Thank you very much for this article! You have indeed saved me a lot of work figuring this out.

Brian Drum 06 December 2008 17:33

I really appreciate the write-up. This is exactly the direction I wanted to take my Symphony install, and I’ve already adapted the technique for Flickr.

It’s worth mentioning that the maximum number of results from your cached data source should be greater than or equal to the number of results you will get from your API response, or you will get duplicates.

Nick 06 December 2008 17:49

Michael, Brian, you’re most welcome. That’s a good point Brian, one I forgot to mention.

Josh N. 10 December 2008 21:50

Thanks for this! I think it’ll be really handy.

Anders Thoresson 11 December 2008 10:50

@Brian Drum: Would you mind posting your Flickr-adaptation over at Overture?

Brian Drum 13 December 2008 13:58

@Anders Thoresson: I definitely intend to – I‘ll try to get to it later this week. I had a meltdown with my local development install of Symphony, and I’d like to get that figured out first.

Skyler Richter 15 December 2008 17:07

I have modified the cron.save-tweets.php to pull and archive delicious bookmarks but cant post all the code here… email me so i can give you the code..

Anders Thoresson 16 December 2008 11:13

@nickdunn: In the loop setup, where the post is created out of all new tweets, you have

for($i=0; $i < count($new_jaiks) - 1; $i++)

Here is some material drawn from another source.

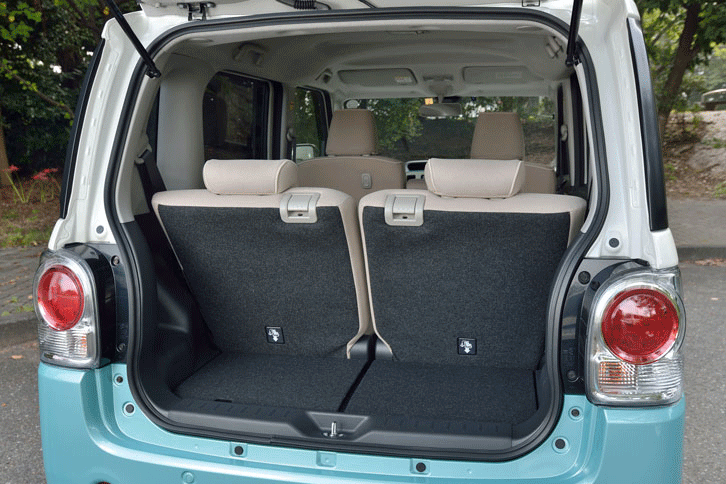 荷室の様子。後席は前後にスライド可能で、最も前方に移動させた際の奥行きは、「タント」（560mm）や「ムーヴ」（576mm）を上回る580mmが確保されている。（写真をクリックするとシートアレンジが見られます）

But if there is just one new tweet, it wont be added to the database?

for($i=0; $i < count($new_jaiks); $i++) works for me. Am I missing something?

@Brian Drum: Great!

Nick 16 December 2008 21:00

@Anders: you’re quite right. I meant to use the “<=” instead of simply “<” but your fix works also. I have amended the code in the post. Ta :-)

Anders Thoresson 22 December 2008 10:11

The usefulness of this is really big. Just adapted it to Delicious: I’m both importing the links one by one to my local database, but also creates a new blogpost in category “Read tips” with all new ones together.

Nick 22 December 2008 12:16

Great! On one client site of ours we are caching twenty Flickr accounts, Bebo blogs, Twitter feeds and Vimeo video feeds (about 80 feeds in total) into various Section and it works really well.

I’d be interested to see what other applications people find for this method.

Anders Thoresson 29 December 2008 19:48

Nick, would you mind posting a link to that site?

Nick 30 December 2008 01:19

@Anders: I believe we are under NDA so can’t disclose the site and its underlying technology. I’ll request permission from the powers above and see what they say.

Nick Dunn 05 January 2009 16:49

Anders, the site in question is Battlefront. For each of the twenty official Campaigners we have a Bebo Blog, Flickr profile, Vimeo video account and a Twitter stream. Some also have a Blogger profile. These are polled at regular intervals (either parsing RSS feeds, API XML or HTML scraping) and the content inserted into the appropriate Symphony sections. The website editor is then alerted to new content and is able to moderate, approve/decline and push the content live.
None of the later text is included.